HARPA: A Testability-Driven, Literature-Grounded Framework for Research Ideation
Vasu, Rosni, Jansen, Peter, Siangliulue, Pao, Sarasua, Cristina, Bernstein, Abraham, Clark, Peter, Mishra, Bhavana Dalvi
While there has been a surge of interest in automated scientific discovery (ASD), especially with the emergence of LLMs, it remains challenging for tools to generate hypotheses that are both testable and grounded in the scientific literature. Additionally, existing ideation tools are not adaptive to prior experimental outcomes. We developed HARPA to address these challenges by incorporating the ideation workflow inspired by human researchers.
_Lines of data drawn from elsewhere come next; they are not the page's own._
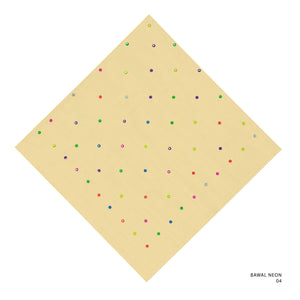NEON- 4 (LEMON MERINGUE)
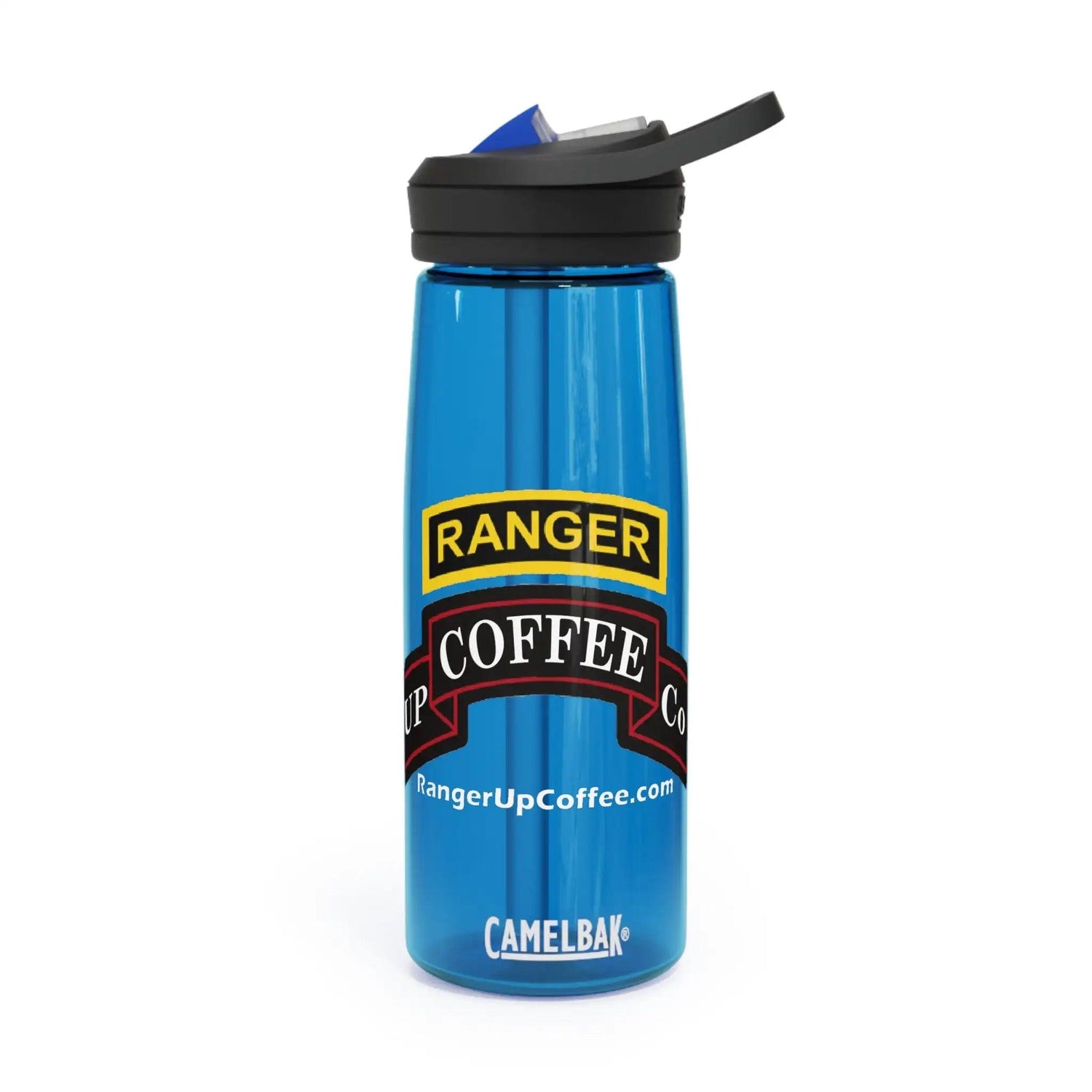 Ranger Up Coffee CamelBak Eddy® Water Bottle, 20oz\25oz Ranger Up Coffee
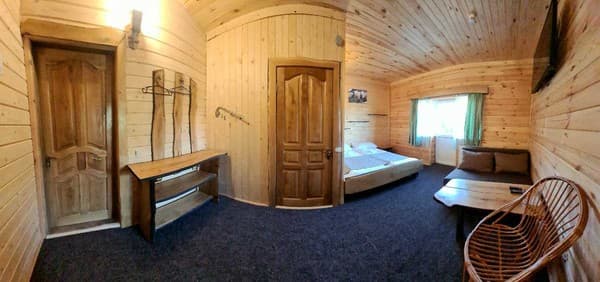 Alpine Eco Chalet & Wellness 26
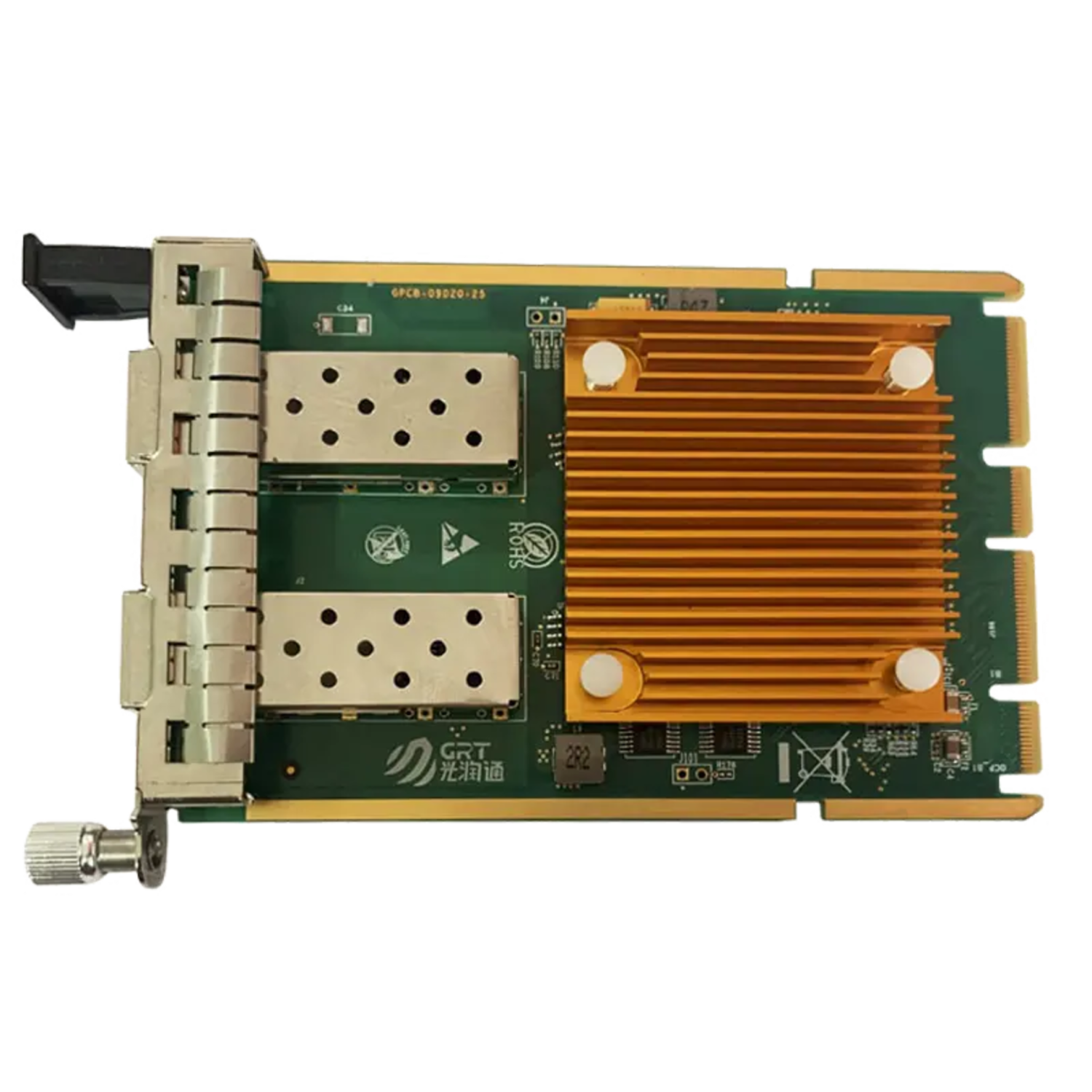 Сетевая карта GRT 2 порта 10GBase-X GH1002E-OCP-V3.0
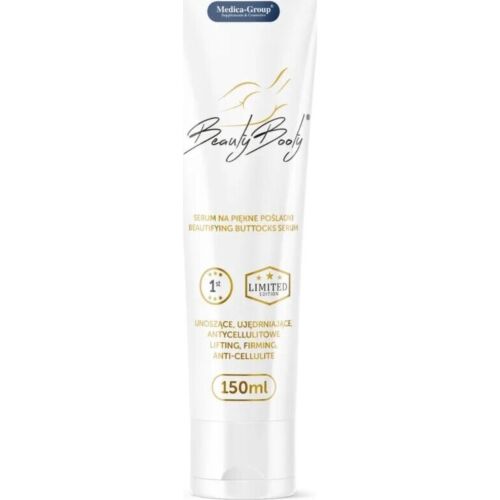 Creme Corporal Medica Group BeautyBooty 150 ml para glúteos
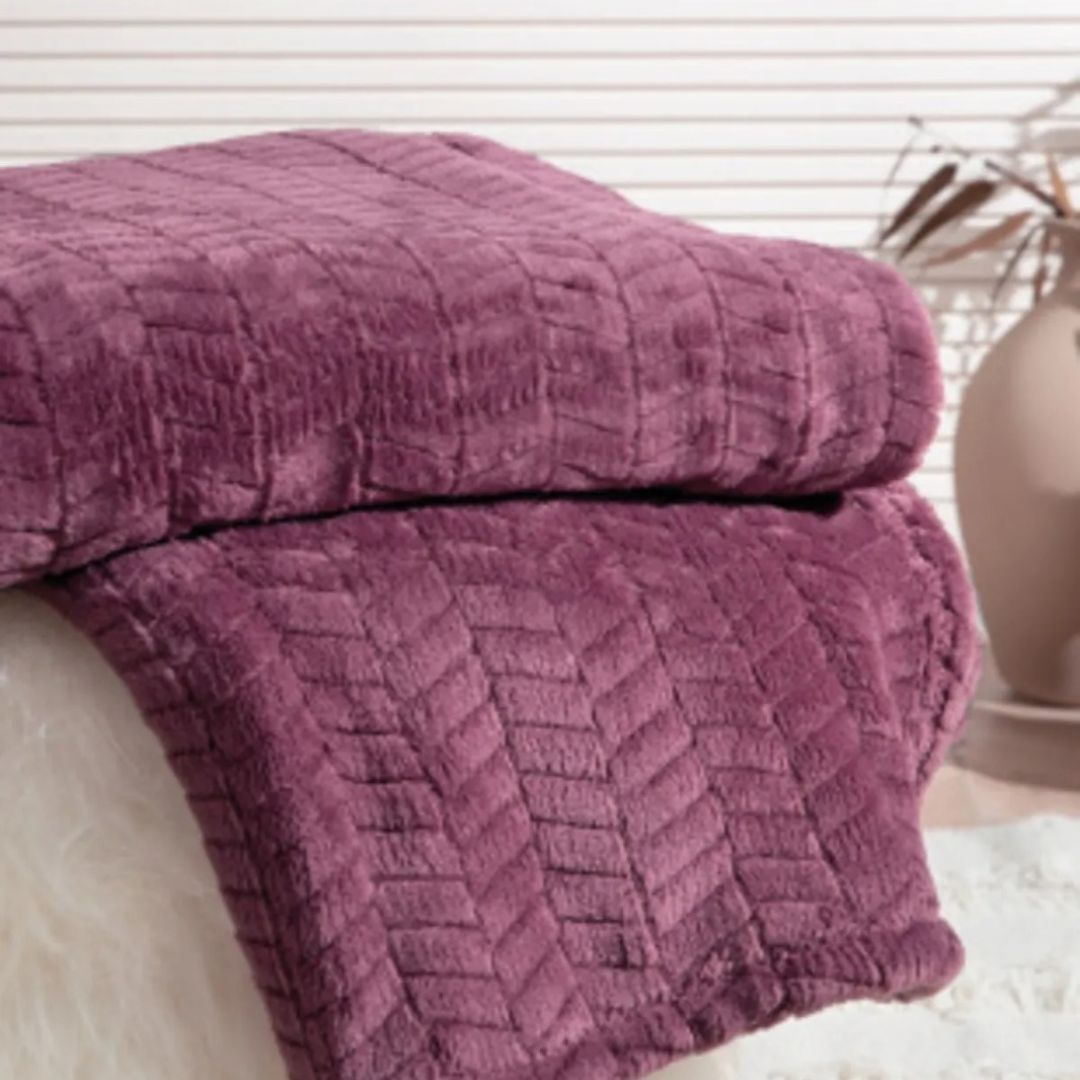 Wellsoft TV Blanket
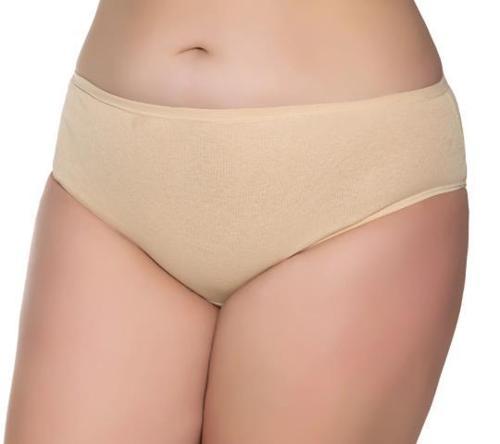 12 Adet Sedef Yıldız Bayan Ribana Bato İnce Lastik Külot 1047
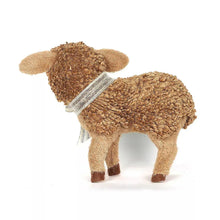 SheepWithWoodRoseAccentsSetof22 - Brands For Less USA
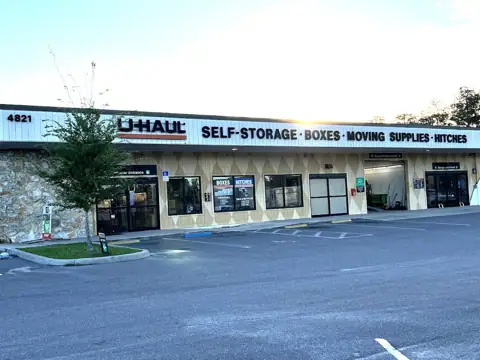 Self-Storage at U-Haul in Gainesville, FL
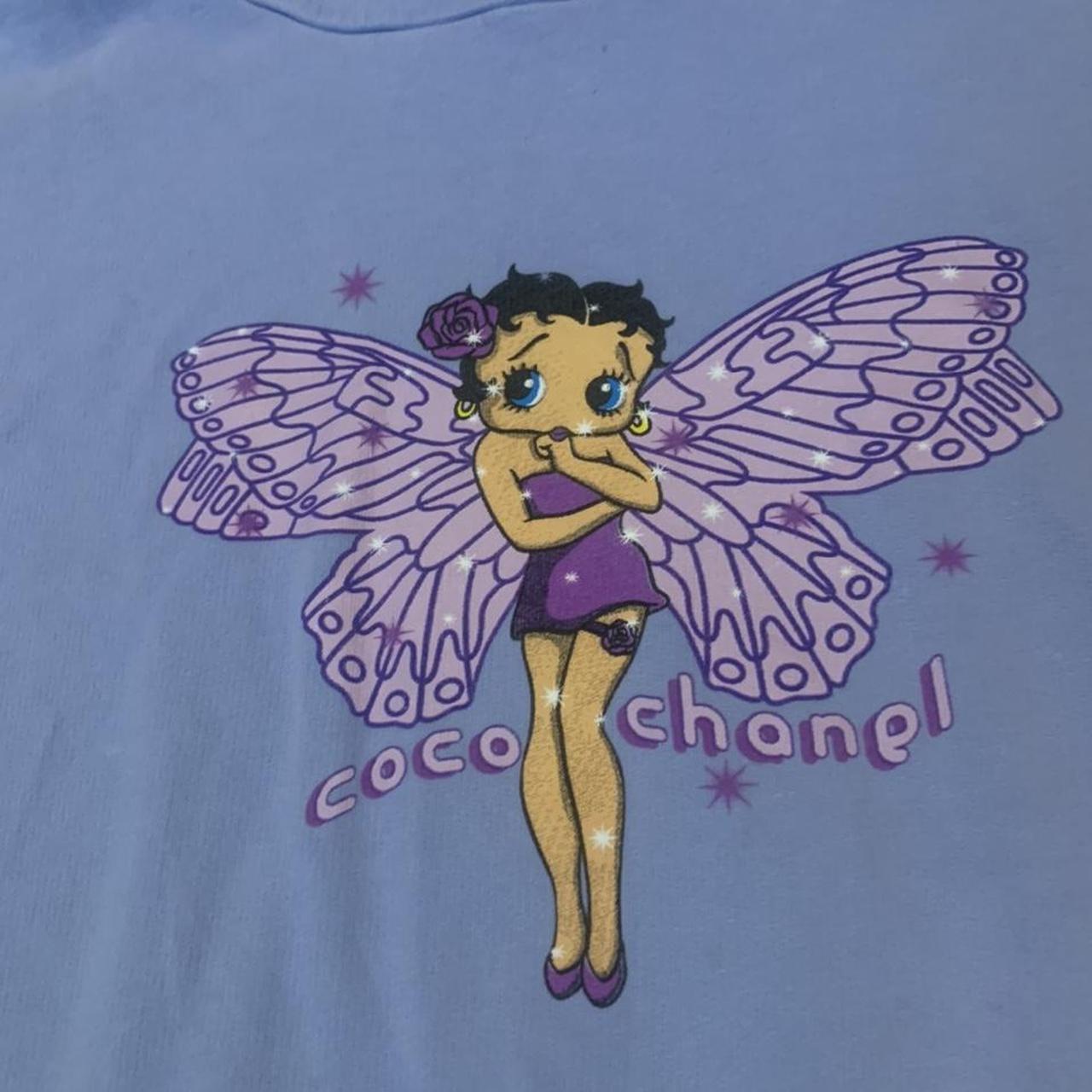Size Large Women’s Megayacht Betty Boop Coco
HARPA first identifies emerging research trends through literature mining, then explores hypothesis design spaces, and finally converges on precise, testable hypotheses by pinpointing research gaps and justifying design choices. Our evaluations show that HARPA-generated hypothesis-driven research proposals perform comparably to a strong baseline AI-researcher across most qualitative dimensions (e.g., specificity, novelty, overall quality), but achieve significant gains in feasibility(+0.78, p$<0.05$, bootstrap) and groundedness (+0.85, p$<0.01$, bootstrap) on a 10-point Likert scale. When tested with the ASD agent (CodeScientist), HARPA produced more successful executions (20 vs. 11 out of 40) and fewer failures (16 vs. 21 out of 40), showing that expert feasibility judgments track with actual execution success. Furthermore, to simulate how researchers continuously refine their understanding of what hypotheses are both testable and potentially interesting from experience, HARPA learns a reward model that scores new hypotheses based on prior experimental outcomes, achieving approx. a 28\% absolute gain over HARPA's untrained baseline scorer. Together, these methods represent a step forward in the field of AI-driven scientific discovery.